On Sun, 16 May 2010 22:40:25 +0200, Colomban wrote:
Le dimanche 16 mai 2010 à 19:46 +0200, Enrico Tröger a écrit :
Just for clarity, there is no technical requirement that g_strndup() or similar should be followed by a g_free() instead of free(). g_free() simply calls free() with the difference that it checks for a NULL pointer before which is good in most cases. And using g_free() there is also better for readability.
Sorry but that's not exactly true: it is in the context of Geany, but
No need for sorry, if at all, I had to say sorry :).

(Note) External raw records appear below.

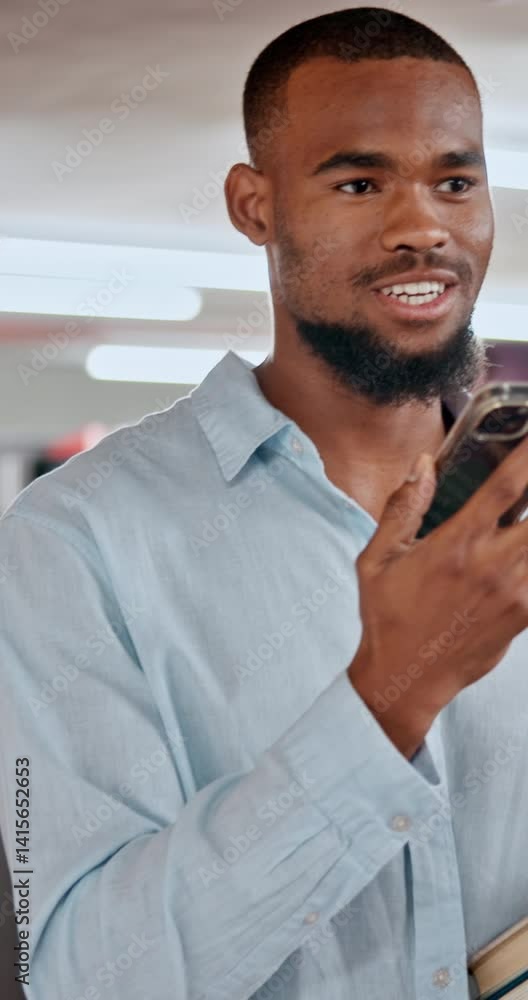 Poster black man, student and voice with phone in library for communication, audio message and chat for edu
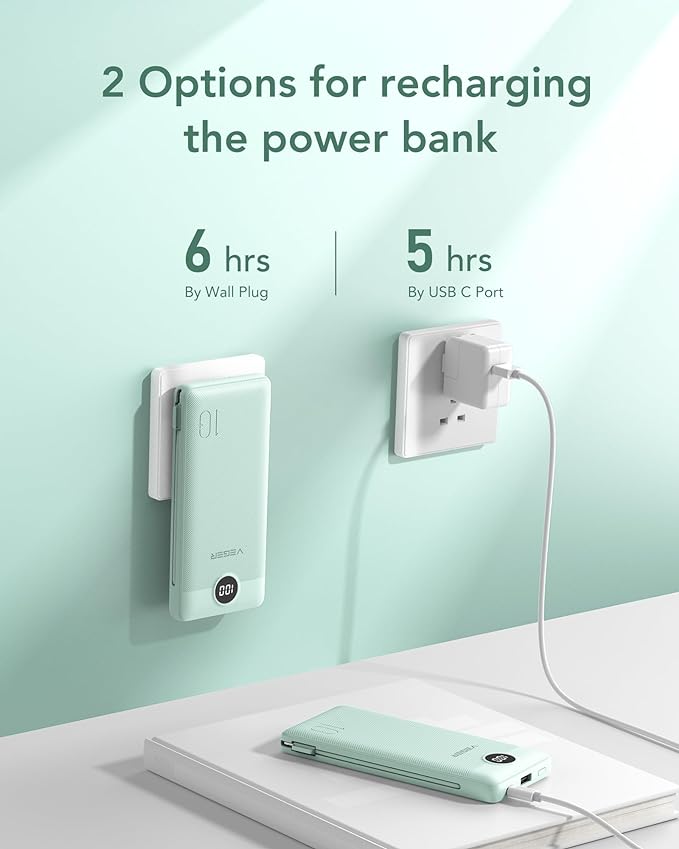 VEGER Portable Charger for iPhone with Built in Cables and Wall Plug, 10000mah Slim Fast Charging USB C Power Bank, Travel Essential Battery Pack Compatible with iPhone, iPad, Samsung etc(Green)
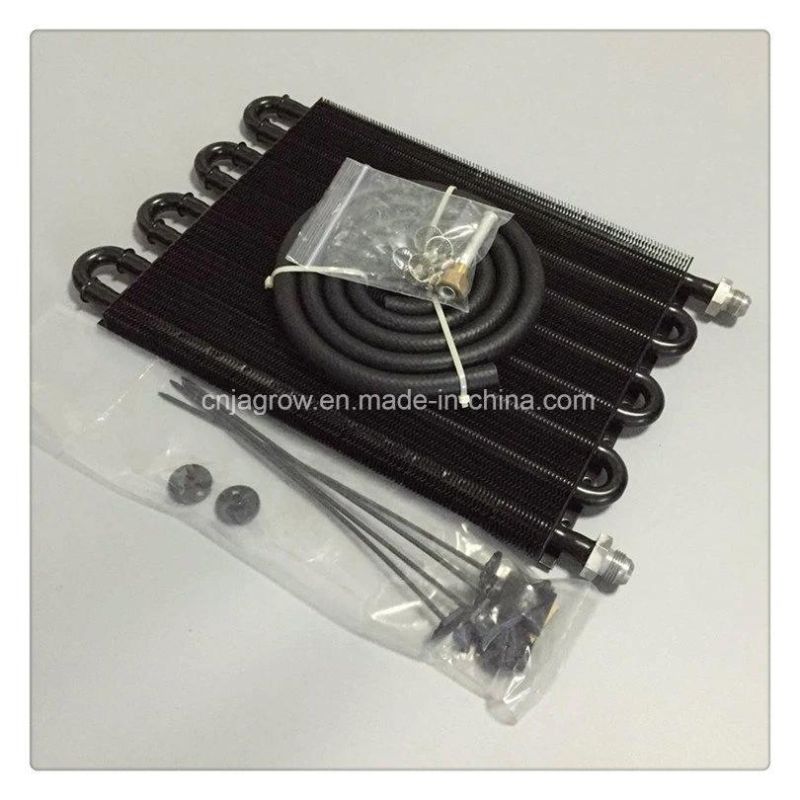 8 Row Tube Fin Oil Cooler Kit with An8 Fitting Black Color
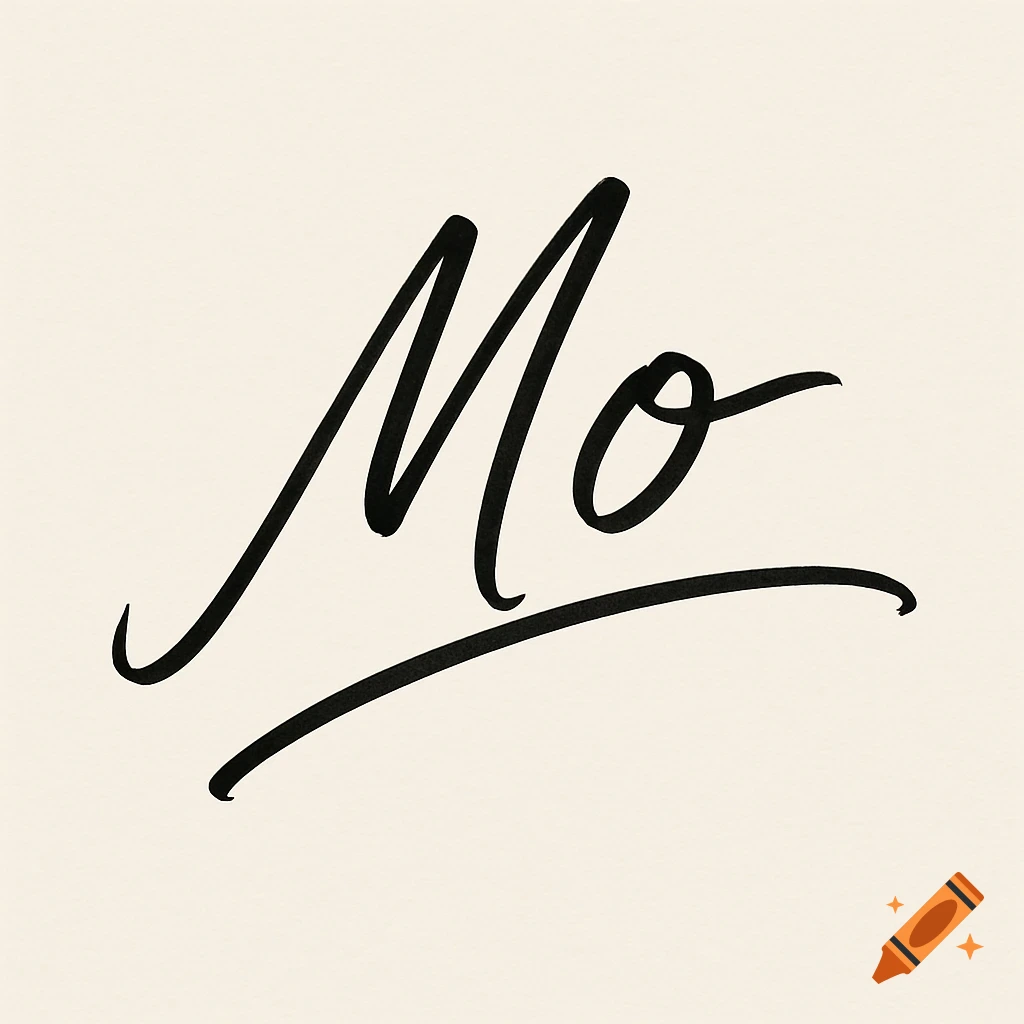 Black script signature text Mo on a light background.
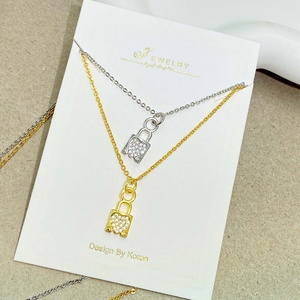 Collares de Moda con Circonita Cúbica Brillante, Joyería Chapada en Oro de 18K, Collar con Cierre de Corazón para Mujer - Product Image 5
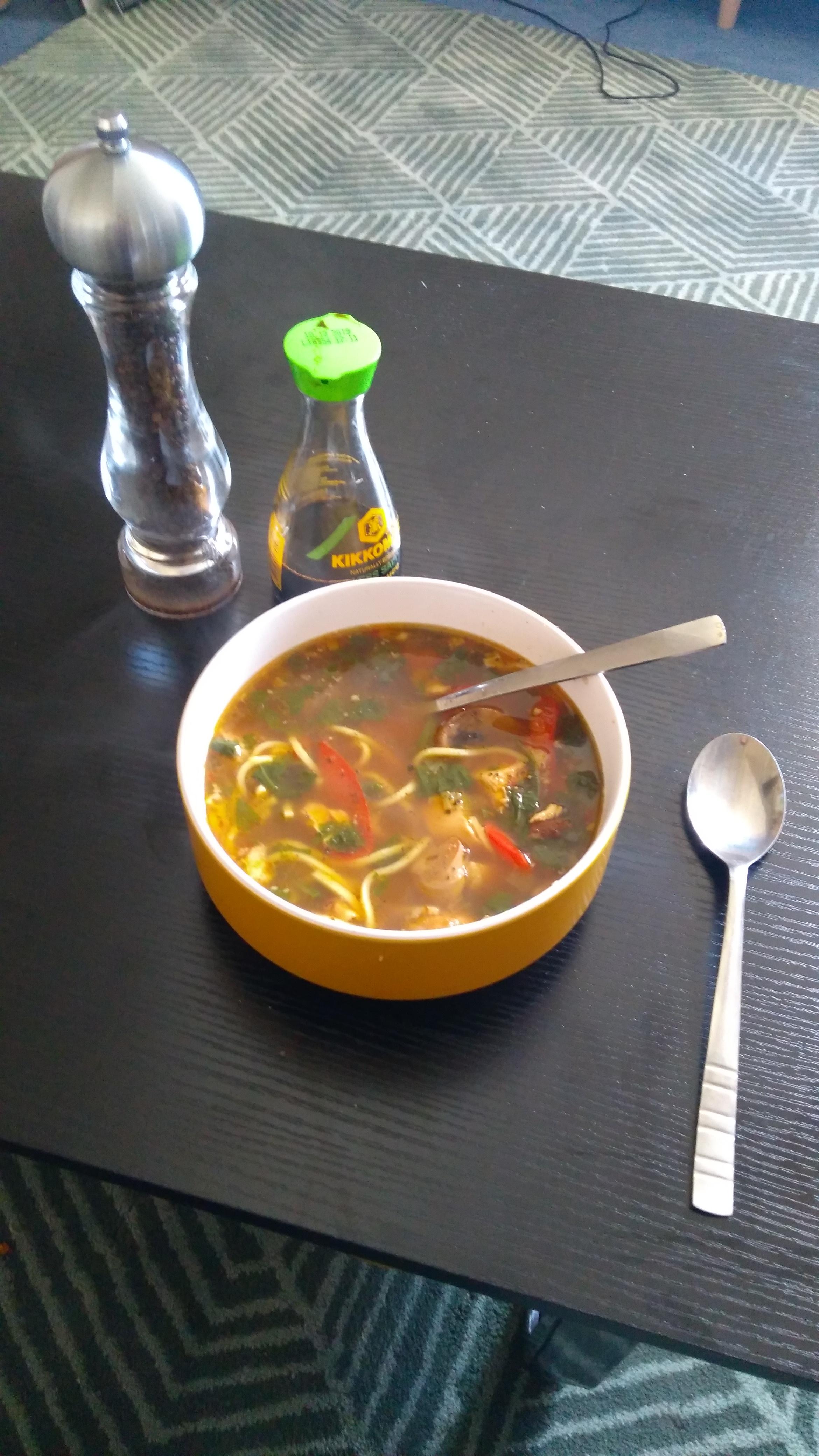 [Homemade] Hangover chicken noodle soup r/food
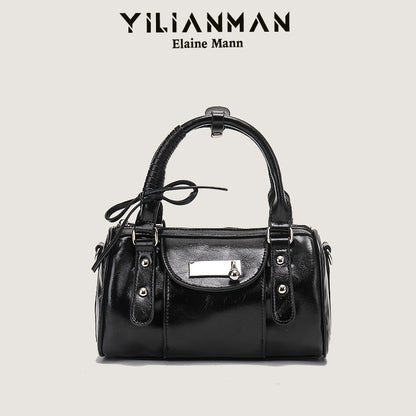 Versatile Vintage Boston Bag for Women, Premium Textured Stylish Small Shoulder Bag, Multi-Wear Daily Crossbody Bag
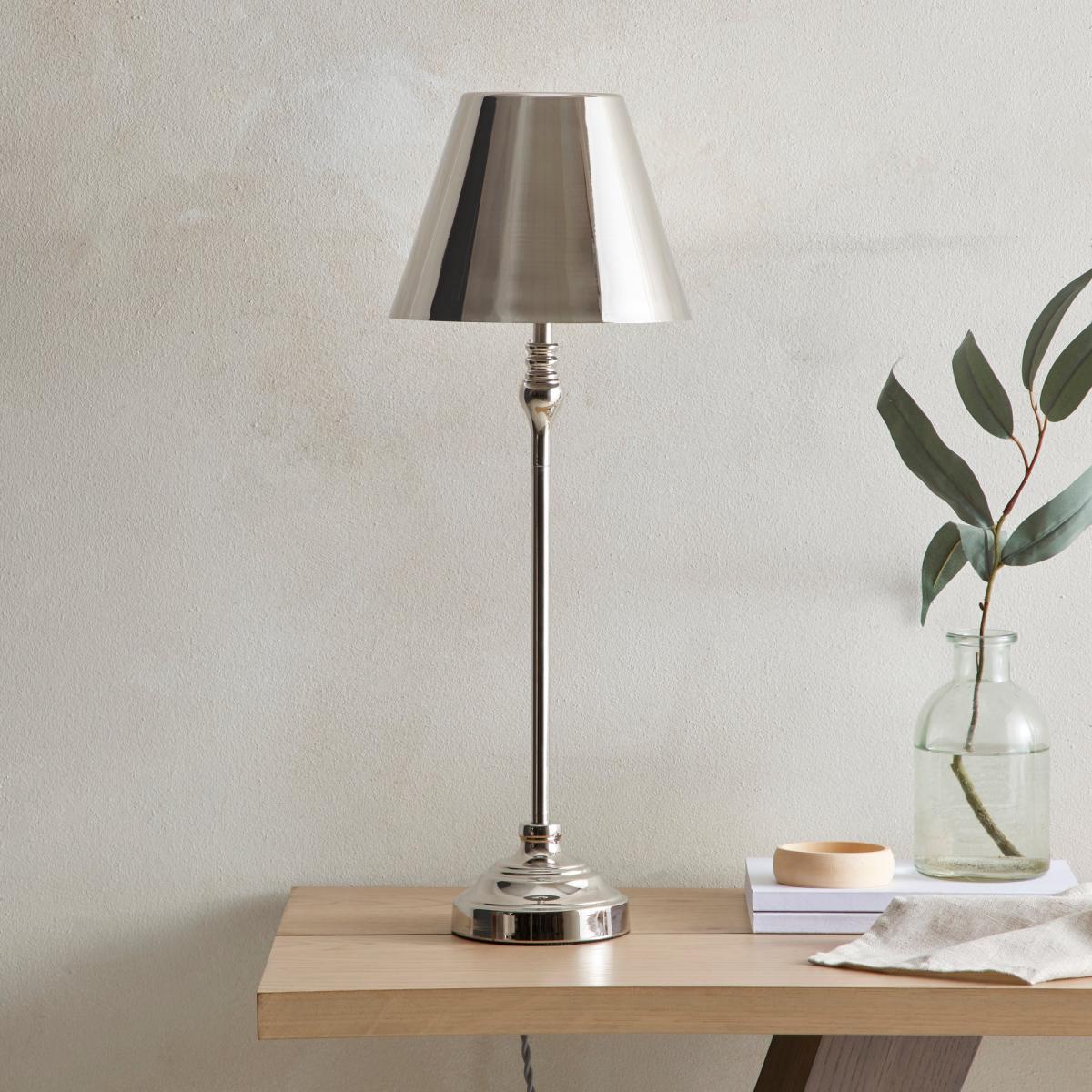 Dorma Bedford Table Lamp Polished Nickel Silver and Grey – image 2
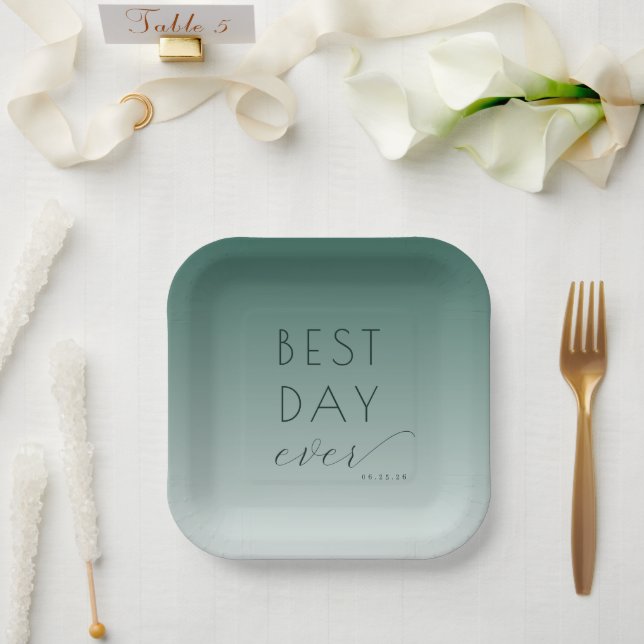 Best Day Ever Celebration Teal Gradient Paper Plate (Wedding)
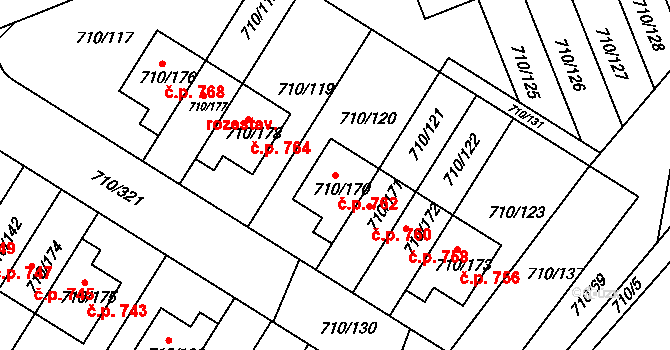 Poříčí 762, Boršov nad Vltavou na parcele st. 710/170 v KÚ Boršov nad Vltavou, Katastrální mapa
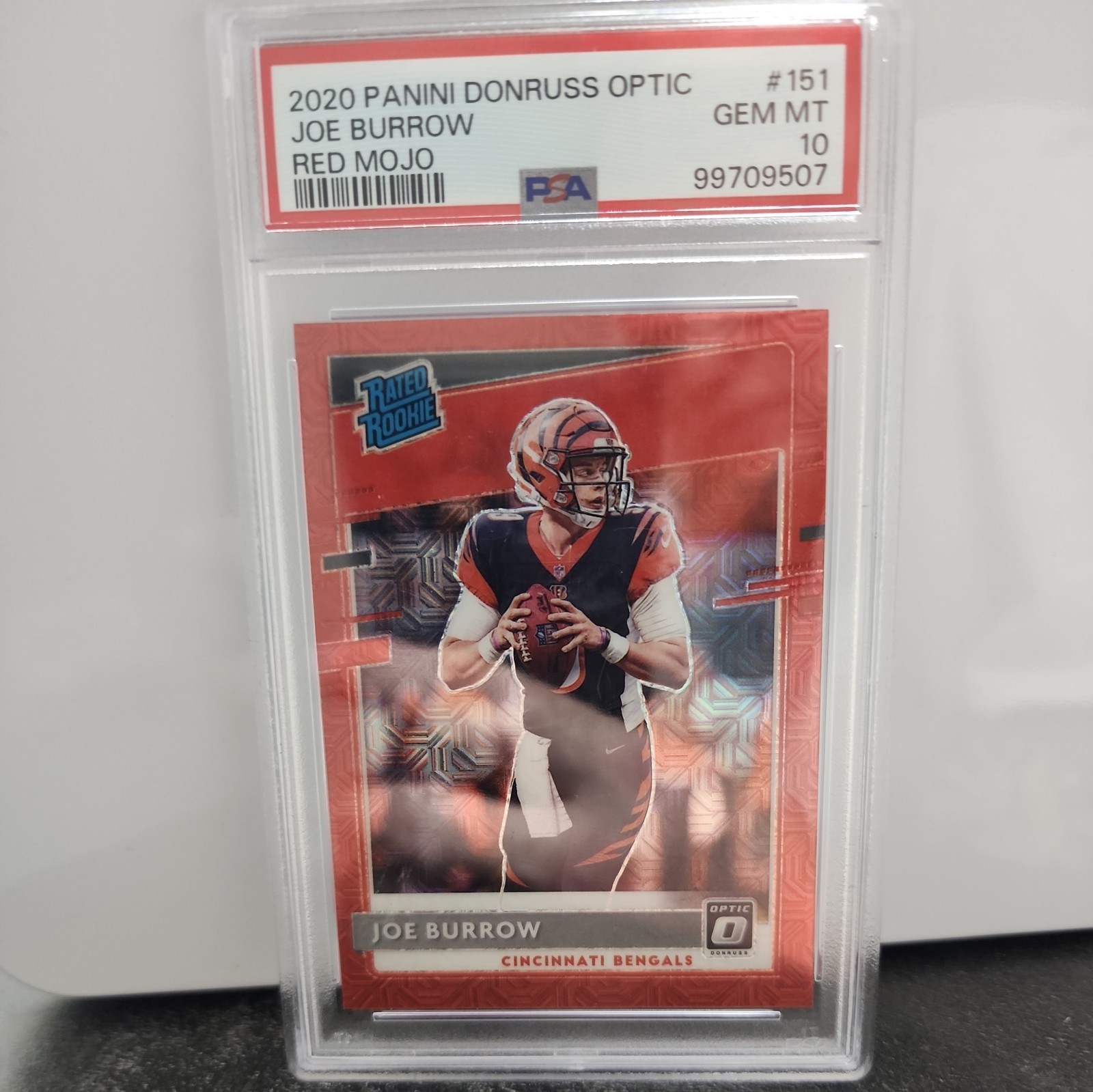 2020 PANINI DONRUSS OPTIC #151 JOE BURROW Rookie RED MOJO PSA 10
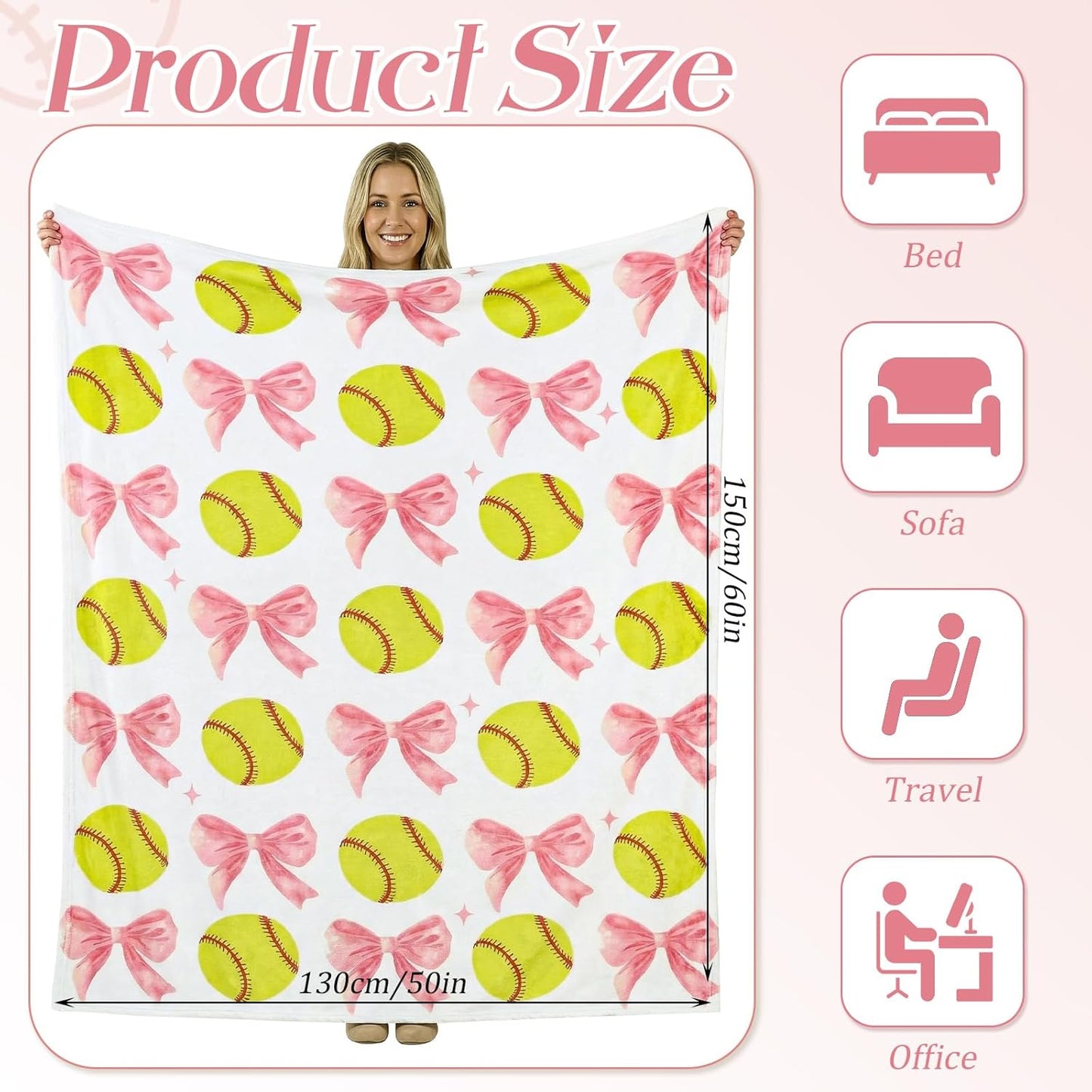 Softball Blanket 50''x60'', Coquette Pink Bow Soft Throw Blanket Softball Gifts for Girls Women Team Players Coach Unique Gifts for Sports Lovers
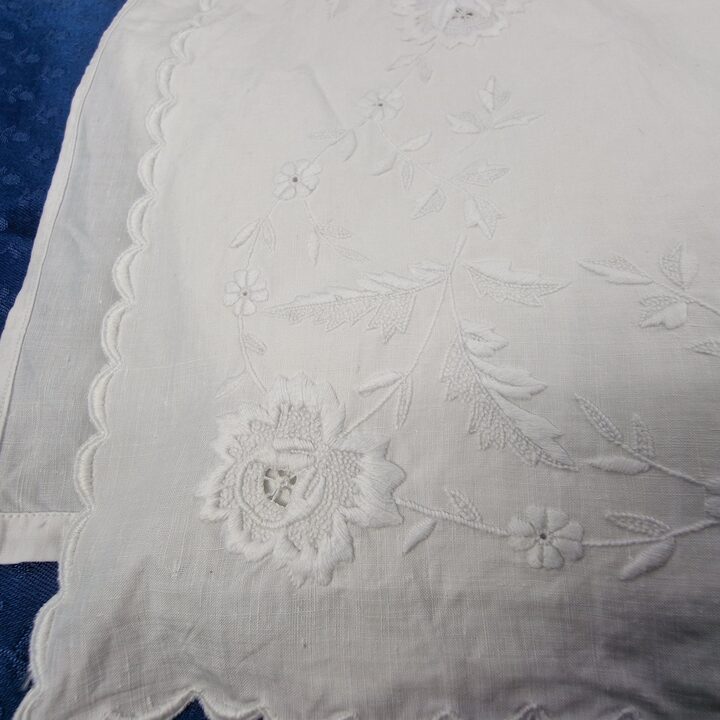 Antique Hand Embroidered Linen Sheet, Early 1900s Spanish Linen Bedding 230x245French Country Farmhouse Textile, Country Farmho…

it isn't in general. g_free() frees a memory chunk with the registered free function in the GLib's memory VTable, which by default is libc's free() -- and then g_free() and free() are equivalent. But if for a reason or another the VTable is set to another one, a plain free() may be invalid since the memory may not have been allocated by libc's malloc(), calloc() or realloc().
Exactly. Sorry for not being exact enough, actually I didn't mention the above facts on purpose to not complicate things more than necessary.
And free(NULL) is always a valid call ;)
Oh, oops. I just checked free(3) on my system and it actually says that if NULL is passed, no operation is performed. I was quite sure that results in undefined behaviour. No idea how I got this idea...maybe it's not true for all systems (systems other than Linux, maybe some Unices or Windows or who knows :D).